J'ai eu entre les mains une petite monographie traitant des premiers temps de la colonisation de la Martinique, vu par un "béké" (blanc appartenant à la classe dominante): il rapporte que les indigènes, les caraïbes, étaient un peuple indépendant et fier; refusant de travailler pour les européens, ils préféraient la mort à la soumission.
Notre auteur de conclure en toute innocence: "Les caraïbes
nous ont obligés à faire venir des esclaves d'Afrique" (c'est moi qui souligne). Sans commentaires.
Plus loin, sur la question de la responsabilité, il est certain que si l'on se place d'un point de vue légal ou bien de celui des règles économiques, les conséquences sont indifférentes. Ce n'est évidemment pas mon avis: nous sommes
de facto prisonniers de ce système, inutile de l'intérioriser en plus.

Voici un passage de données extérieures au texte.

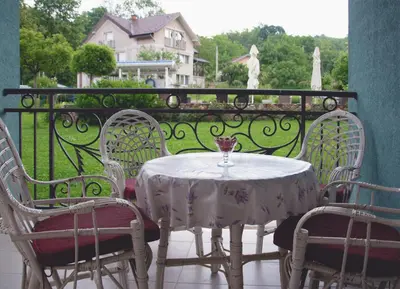 a table and chairs with a glass on a balcony at Vila Ljubica in Vrnjačka Banja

La politique économique moderne ne cherche qu'à optimiser les résultats macro-économiques au détriment des vies individuelles.
La foi est aveugle, dit-on, celle en le "progrès" nous conduit à minimiser ses conséquences, aveuglés que nous sommes par l'éclat de promesses futures.

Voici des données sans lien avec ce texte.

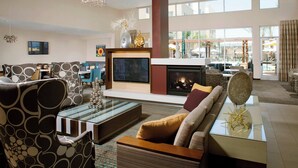 A modern living room with a fireplace, comfortable seating, and a large window offering a view of the outdoors. - Residence Inn Tustin Orange County (Tustin)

Il n'y a pas que les vies individuelles de concernées: la destruction qui est à l'œuvre dans tout process industriel est proportionnel à la "création de richesses".
En fait, je soupçonne que c'est justement la perte de vue des éléments micro-économiques qui nous mène au désastre.
Oui et non:
Oui, car le micro-E. conserve malgré tout un côté humain inexpurgeable, (ce qui fait apparaitre un paradoxe: c'est grâce à l'imperfection à ce niveau du système E. qu'un fonctionnement est possible!).

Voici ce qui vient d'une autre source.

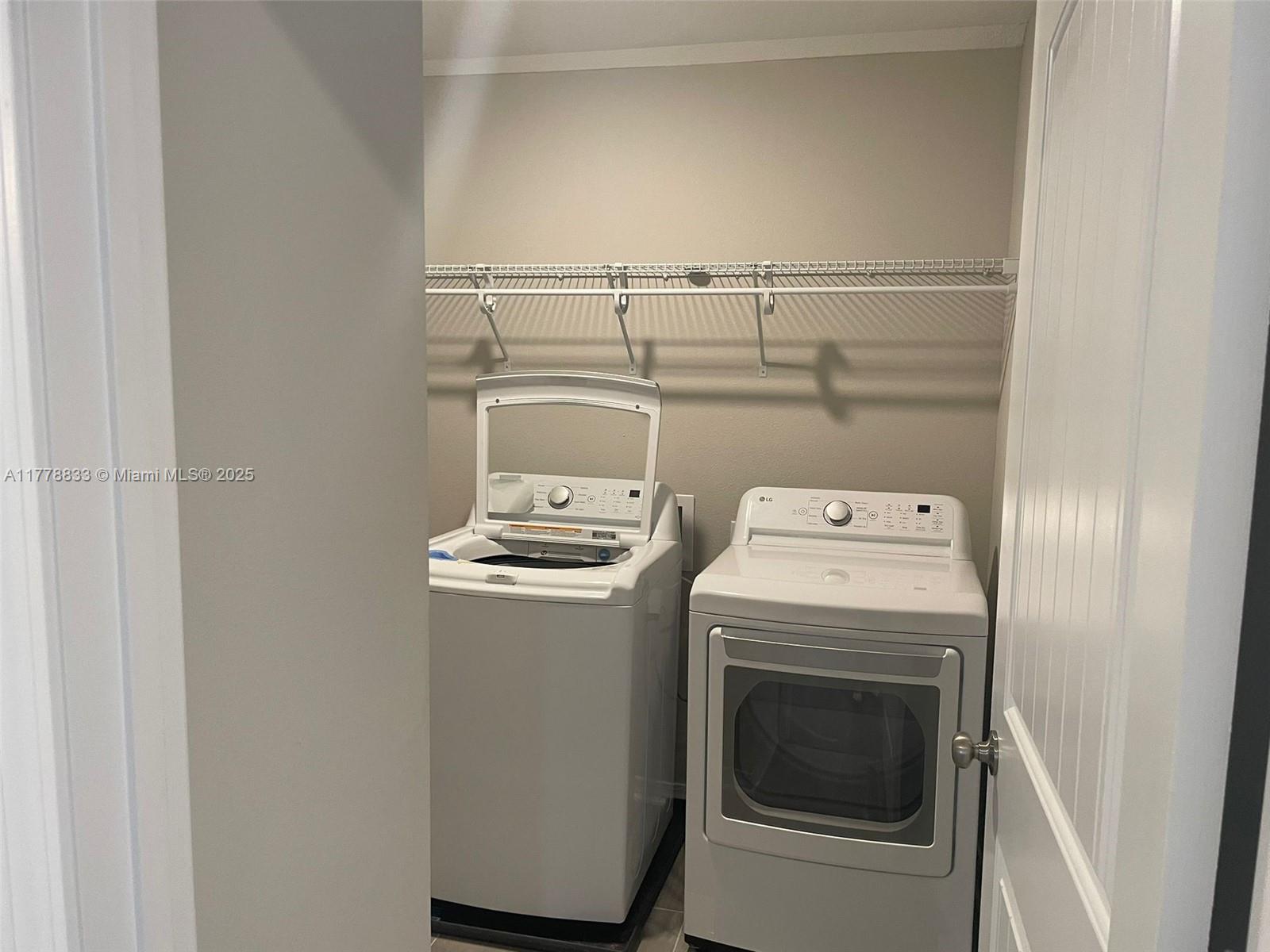 219 Wainwright Drive Crestview, FL 32539 - Photo 18 of 31 a utility room with dryer and washer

Non, car cette incomplétude qui n'a pas totalement exclu l'humain est soumise aux mêmes lois que la macro-E., dit autrement, il subsiste des restes de fonctionnement pré-capitalistes enchâssés dans une logique mécaniste qui est opposée à l'humain.
...la perte de spiritualité au sens large est, pour moi aussi, la cause première du malaise sociétal actuel.
Les diverses sociétés ont fonctionné suivant leur représentation idéelle du monde, autrement dit selon une certaine spiritualité; la nôtre s'est détachée des spiritualités antérieures pour s'en forger une nouvelle, irréductible aux précédentes: la religion du progrès et de son corrélat, la marchandise.
Processus sans fin et sans contrôle, soumis à sa seule logique interne, indifférent aux hommes et à tous les êtres vivants, nouveau
Moloch voué à la destruction de ses adorateurs.
Une promotion des valeurs de l'esprit, en particulier les connaissances, arts, les morales et philosophies me semble bien plus nécessaire, tant la vie humaine se restreint de plus en plus à l'assouvissement de désirs matériels.
Cette promotion ne serait qu'un divertissement (au sens pascalien) destiné à nous aider à supporter une mécanique impitoyable, une façon de refuser de voir la réalité et donc de nous empêcher de faire acte de résistance.
Peut-être que la raréfaction des matières premières et la baisse forcée du niveau de consommation que cela entrainera sera salutaire, si pas trop tardive.
Tu prend acte de la démission des hommes devant la puissance de ce qu'
Ellul appelait "le système technicien".
Tu sous-estimes la faculté d'adaptation du capitalisme: un temps lié à la démocratie représentative (démocratie+croissance), il est en train de tenir compte de la raréfaction des ressources et de mettre en place d'autres mécanismes plus directement oppressifs, permettant de restreindre l'accès aux biens à une oligarchie.
Le système de la "dette" qui a si bien fonctionné dans les pays pauvres se retourne maintenant contre les populations occidentales.